Dependency means, one part cannot do its job without the other. Or one part cannot be fully understood without the other. Or one part is incomplete without the other.

These are tangible, physical dependencies. But there are also intangible, logical dependencies. For example: Function f()might depend on the data in structure p[] to be sorted. This is important to show correct behaviour at runtime, but at compile time it is hardly visible and cannot be checked. Even if you write a test for that it’s not as clear cut as a physical dependency – because you simply can forget to write this test.

Now, what I’m (primarily) concerned with here are tangible dependencies between behavioural parts of software. That’s the realm of SOLID and design patterns of all sorts.

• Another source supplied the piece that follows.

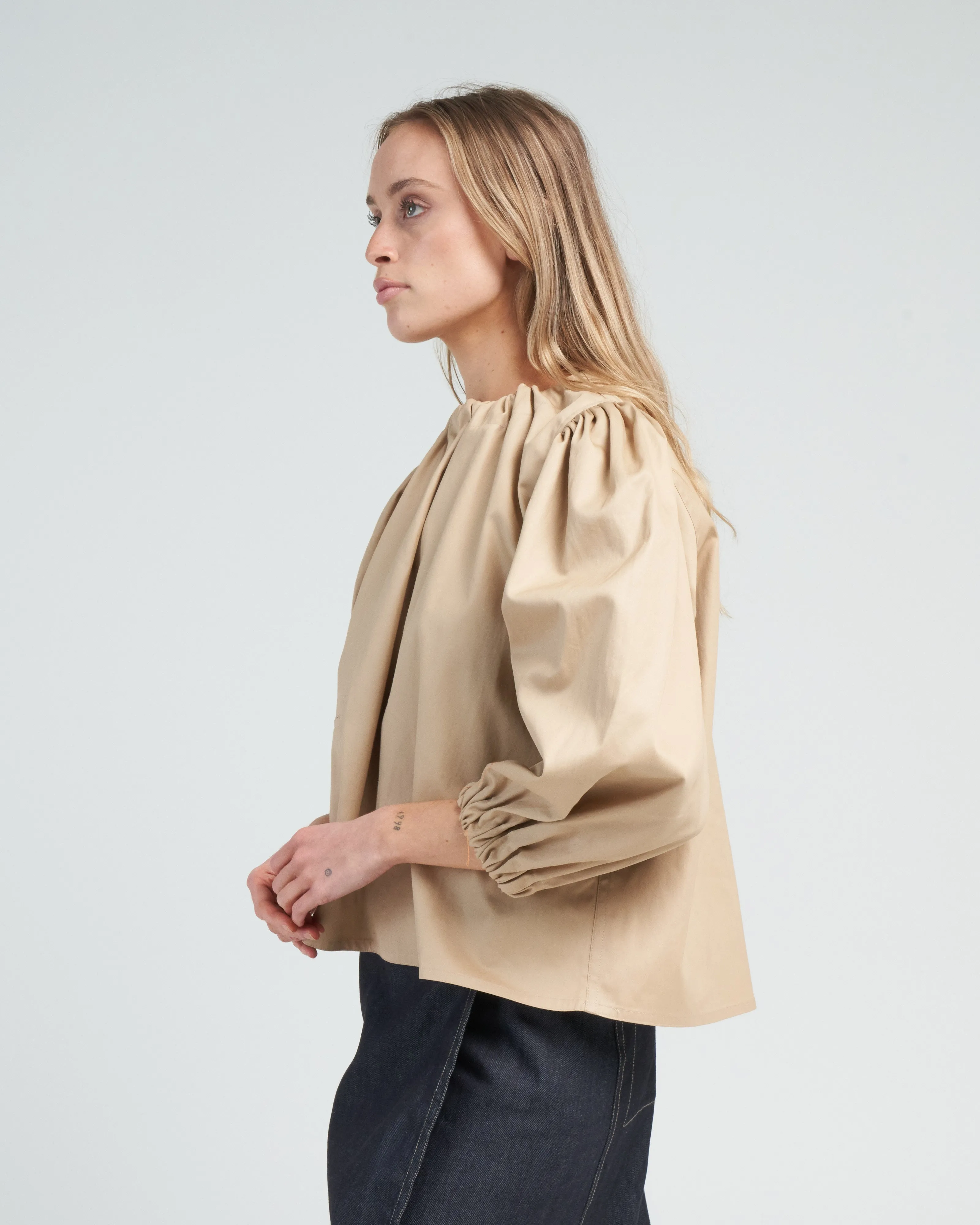 light twill gathered neck and sleeve top - desert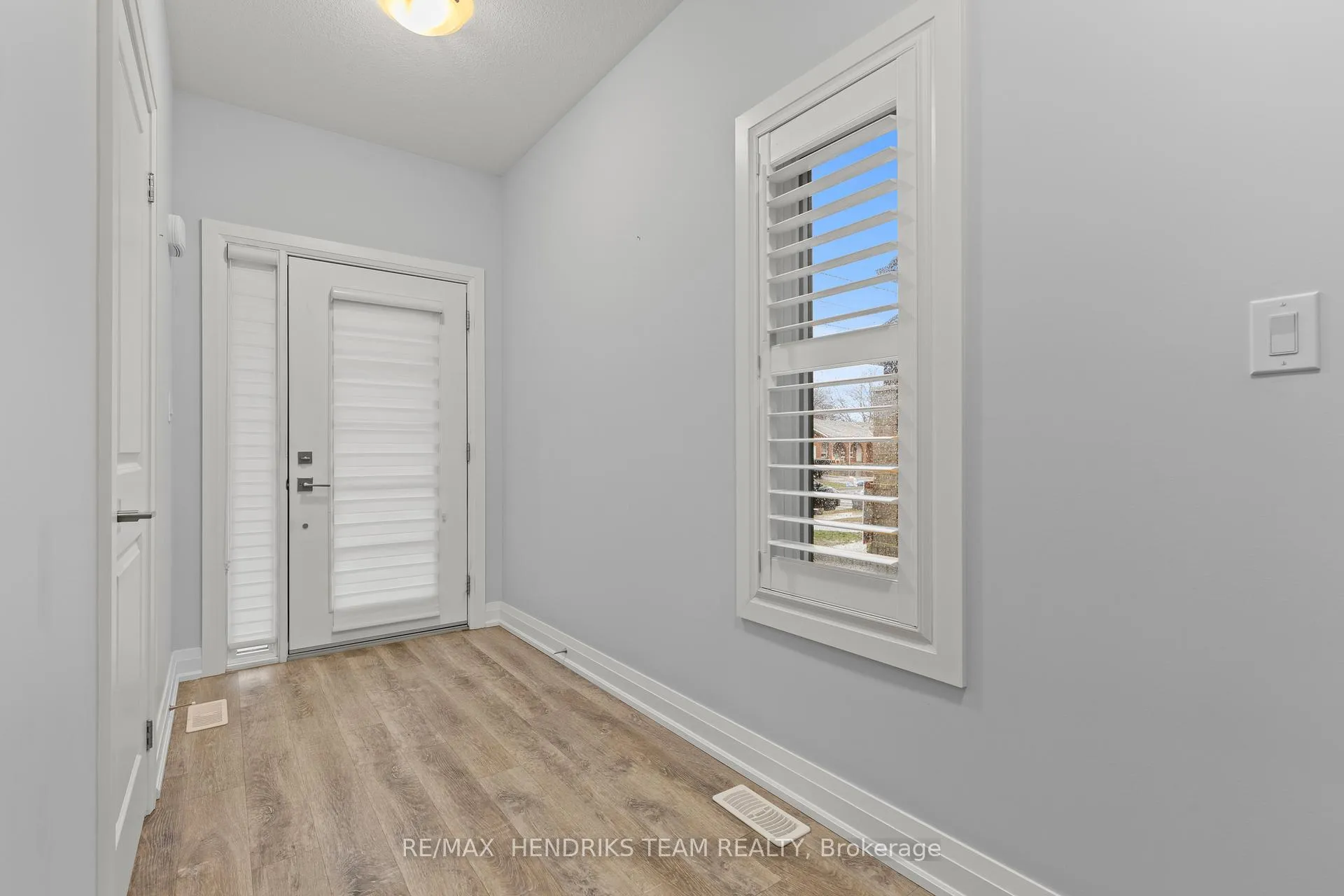Photo 3 of 6649 Cropp Street, Niagara Falls, Morrison — HOMEH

I want to focus on functions calling other functions, and modules containing functions calling functions from the same or other modules.

The purpose of dependencies

How are dependencies used in behaviour creation today? The first description coming to my mind is: unsystematically.

A developer lets a function call another function whenever she likes. Maybe the motivation is re-use: some problem has already been solved and the solution wrapped into a function – why not call thi function instead of solving the problem again? Maybe the motivation is better understandability: the logic inside a function for solving a problem becomes too convoluted, so the developer extracts a part of it into a separate functions which the previous function then calls.

Although these and other reasons for letting functions call other functions are noble, I think such use is still unsystematic. My reason for that: there is no clear understanding of what the purpose of behavioural dependencies is. What are they there for in the first place? Decades ago they were means to save memory. But today?

The purpose of a wall is to separate space. The purpose of a lightbulb is to provide visibility of the surroundings. The purpose of glue is to keep things stuck together. What’s the purpose of behavioural dependencies?

Here’s my answer:

The purpose of behavioural dependencies is to abstract by integration (or composition).

Let me explain:

When you see an apple, an orange, and a cherry you see… fruits. „Fruit“ is an abstraction. It’s an abstraction by aggregation from a set of concrete things (or details) to help you make sense of the world. „Fruit“ is a category; it’s not inherent in an apple or a cherry. You make it up on the basis of some similarities you see between apple, orange, and cherry.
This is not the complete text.